Background: Chronic obstructive pulmonary disease (COPD) is a major public health concern, accounting for 3 million deaths annually, 90% of which occur in low- and middle-income countries. Pulmonary tuberculosis (PTB) as a contributory factor in the aetiology of COPD is under debate, with most epidemiologic evidence suggesting a positive association. Objectives: To compile a systematic review of evidence for an association between PTB and the development of chronic airflow obstruction (CAO). Methods: We performed a systematic review of original English-language, peer-reviewed literature using the PubMed/MEDLINE database. CAO was defined by spirometry [FEV1:FVC ratio <0.70 or <LLN (lower limit of normal) for age]. Results: Nineteen studies (1 case series, 3 case-control studies, 4 cohort studies, 8 single-centre cross-sectional studies and 3 multi-centre cross-sectional studies) met the eligibility criteria. All but 2 reported a positive association between PTB and CAO. Three of 4 large population-based surveys (n = 4,291-8,066) confirmed a significant association between PTB and CAO (OR 1.37 - 2.94). A formal meta-analysis was not possible owing to marked heterogeneity between studies.
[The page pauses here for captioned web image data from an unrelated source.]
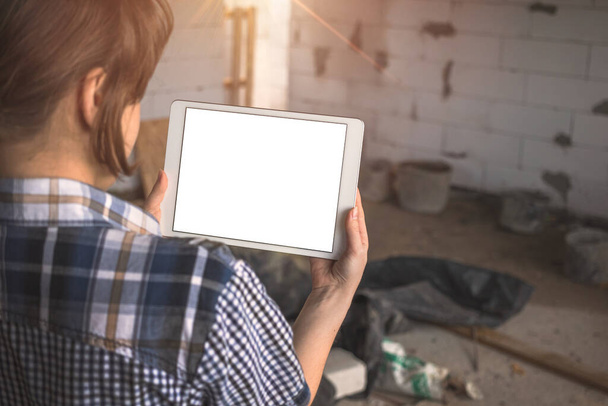 Girl with a tablet in front of an unfinished house, repair, construction concept, copy space  - 写真・画像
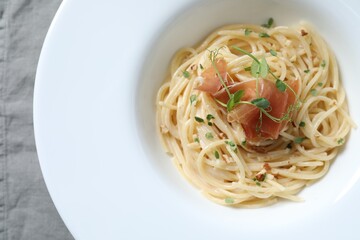 Tasty spaghetti with prosciutto and microgreens on plate, top view. Exquisite presentation of pasta dish
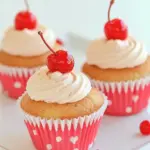 Delicious Cherry-Filled Almond Cupcakes photo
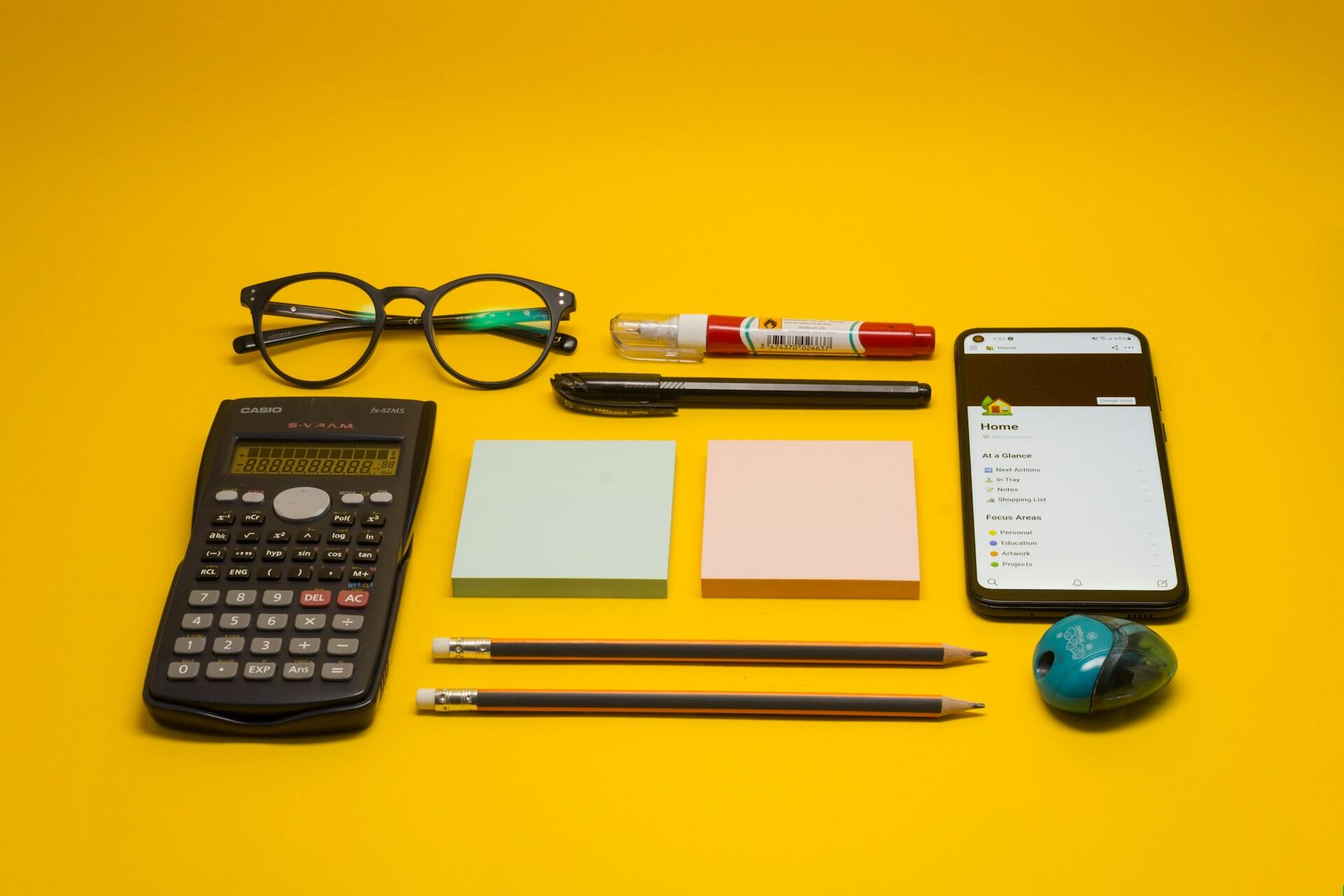 Calculator, glasses, pencils, sticky notes and a smartphone arranged on a yellow surface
Conclusions: This systematic review confirms evidence for a positive association between a past history of tuberculosis and the presence of CAO. The association is independent of cigarette smoking. Causality is likely but cannot be assumed.

1.
Lozano R, Naghavi M, Foreman K, Lim S, Shibuya K, Aboyans V, et al: Global and regional mortality from 235 causes of death for 20 age groups in 1990 and 2010: a systematic analysis for the Global Burden of Disease Study 2010. Lancet 2012;380:2095-2128.
2.
WHO: Burden of Chronic Obstructive Pulmonary Disease. http://www.who.int/respiratory/copd/burden/en/index.html (accessed August 29, 2011).
3.
Global Initiative for Chronic Obstructive Lung Disease: global strategy for the diagnosis, management, and prevention of COPD. http://www.goldcopd.org/guidelines-global-strategy-for-diagnosis-management.html (accessed March 4, 2013).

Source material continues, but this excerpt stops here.